La Junta habla en serio cuando asegura que la reducción de jornada debe comenzar en septiembre. Por lo mismo, el país parece abocado a una guerra que habrá de librarse en diversos flancos. El primero, los tribunales. Pero si la movida en las cortes da la razón a la Junta, entonces —si la inconformidad es real— la desobediencia parece inevitable. PROMESA establece que no hacer caso a la Junta traería sanciones. Pero ¿cuáles? ¿Qué sanciones impondrá la Junta a un gobierno electo que cuente con el respaldo de los ciudadanos para la oposición? ¿Se atreverá la Junta a ordenar el arresto del gobernador o los legisladores? Y, si es así, ¿quién los arrestaría? ¿Contará la Junta con la Policía de Puerto Rico para “sancionar”? ¿Tendrá la Junta la estatura moral para exigir que se respeten sus órdenes cuando lo que pide del resto choca dramáticamente con su realidad de salarios de ensueño y reuniones en hoteles opulentos?

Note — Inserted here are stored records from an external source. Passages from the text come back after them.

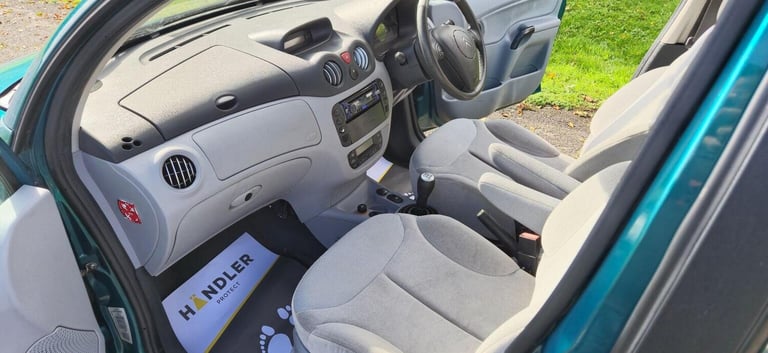 CITROEN C3 1.6i 16V Exclusive 5dr 2002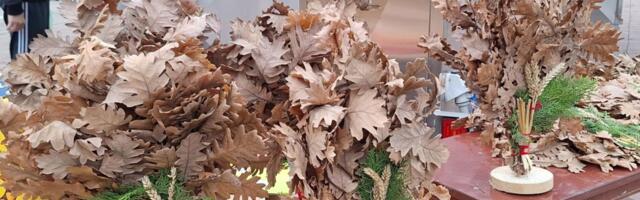 Uz badnjak UVEK ide i ova biljka: Svi je uzimaju, a malo ko zna njenu simboliku - bez nje je Božić nezamisliv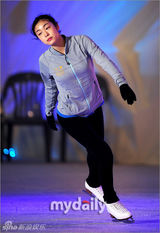 组图：韩花滑选手金妍儿参加花样滑冰秀彩排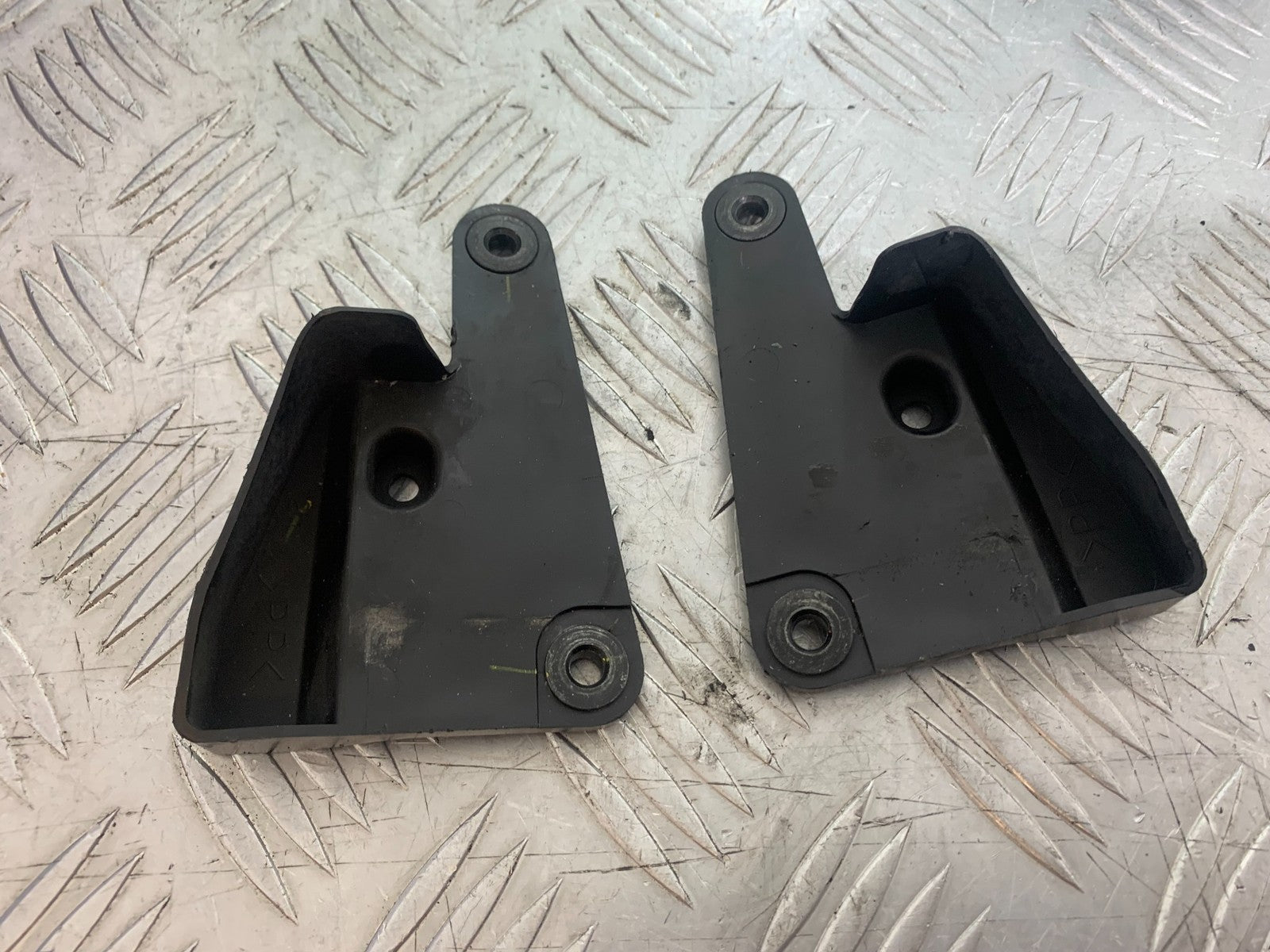 YAMAHA YZF R1 14 B BIG BANG LEFT & RIGHT BRACKETS  2009-14 (CMB1175)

Ante el nivel de rechazo generalizado a las propuestas de la Junta, si el Ejecutivo y los legisladores optan por oponerse —en serio— a sus designios, todo apunta a que no estarán solos. Que la Junta se enfrentará a un país unido y combativo y que, como consecuencia, el Congreso federal deberá atender la crisis ocasionada por la falta de democracia real. Sin duda, el último puntillazo para empujar el carrito del estatus.

Pero el respaldo del país al gobierno dependerá de lo genuino de sus intenciones. Del alcance de su oposición y su interés por realmente detener esa avalancha de recortes que, lejos de sacarnos de la crisis, prometen cavar una fosa aún más profunda para lo que nos queda de país. Pronto, indudablemente y como dice un viejo dicho popular, descubriremos si el gas pela.